With a Mediterranean environment, a border with the Sahara desert and the shortest maritime crossing between Africa and Europe, the Maghreb is perfectly located as a hub for major cultural developments and intercontinental connections in the past.
Whilst the region's importance during the Palaeolithic, Iron Age and Islamic periods is well known, there is a significant gap in knowledge of the archaeology of the Maghreb between c. 4000 and 1000 BC, a period of dynamic change across much of the Mediterranean.
To tackle this, Youssef Bokbot (INSAP), Cyprian Broodbank (Cambridge University), and Giulio Lucarini (CNR-ISPC and ISMEO) have carried out collaborative, multidisciplinary archaeological fieldwork at Oued Beht, Morocco.
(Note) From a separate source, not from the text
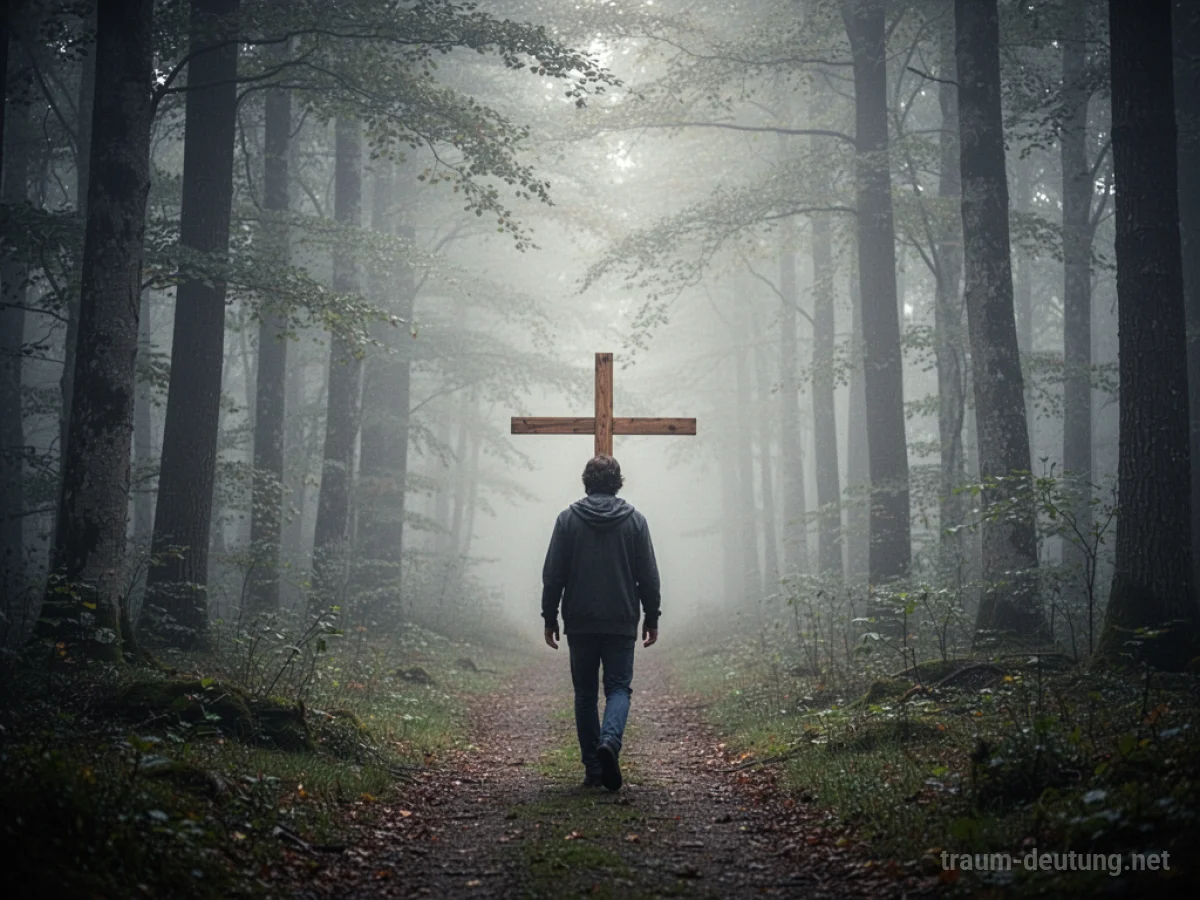 Eine Person mit einem Holzkreuz auf einem Weg im Nebelwald.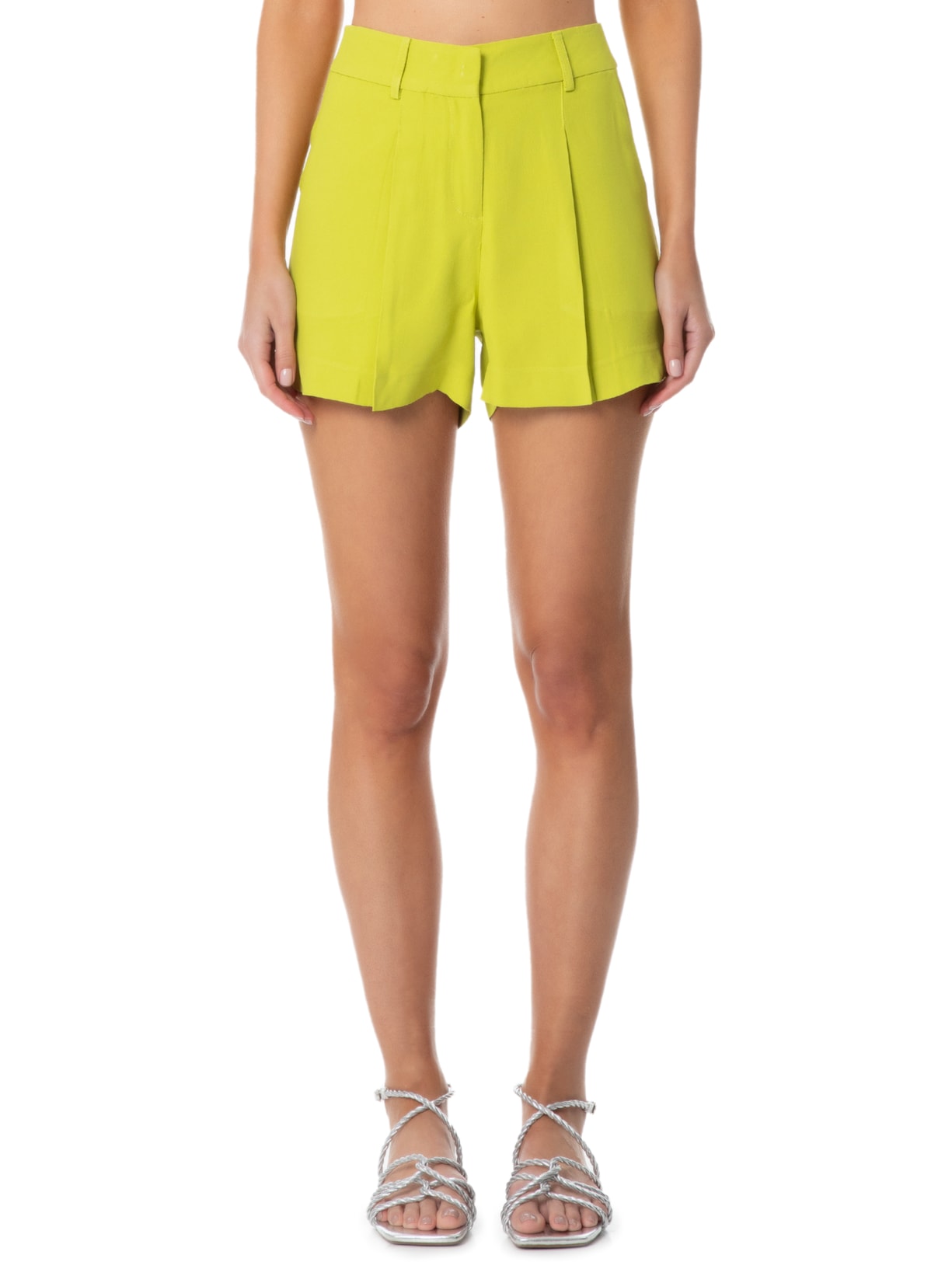 Short Feminino Cintura Alta Em Crepe Verde '2Essential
Prof Broodbank states: "For over thirty years I have been convinced that Mediterranean archaeology has been missing something fundamental in later prehistoric north Africa. Now, at last, we know that was right, and we can begin to think in new ways that acknowledge the dynamic contribution of Africans to the emergence and interactions of early Mediterranean societies"
As the authors state: "For more than a century the last great unknown of later Mediterranean prehistory has been the role played by the societies of Mediterranean's southern, Africa shores west of Egypt. Our discoveries prove that this gap has been due not to any lack of major prehistoric activity, but to the relative lack of investigation, and publishing. Oued Beht now affirms the central role of the Maghreb in the emergence of both Mediterranean and wider African societies."
These results reveal that the site was the largest agricultural complex from this period in Africa outside of the Nile region. All of the evidence points to the presence of a large-scale farming settlement—similar in size to Early Bronze Age Troy.
The team recovered unprecedented domesticated plant and animal remains, pottery and lithics, all dating to the Final Neolithic period. Excavation also revealed extensive evidence for deep storage pits.
Importantly, contemporaneous sites with similar pits have been found on the other side of the Strait of Gibraltar in Iberia, where finds of ivory and ostrich egg have long pointed to African connections. This suggests that the Maghreb was instrumental in wider western Mediterranean developments during the fourth millennium BC.
Oued Beht and the north-west Maghreb were clearly integral parts of the wider Mediterranean region. As such, these discoveries significantly change our understanding of the later prehistory of the Mediterranean and Africa.
As the authors of the Antiquity article state: "It is crucial to consider Oued Beht within a wider co-evolving and connective framework embracing peoples both sides of the Mediterranean-Atlantic gateway during the later fourth and third millennia BC—and, for all the likelihood of movement in both directions, to recognise it as a distinctively African-based community that contributed substantially to the shaping of that social world."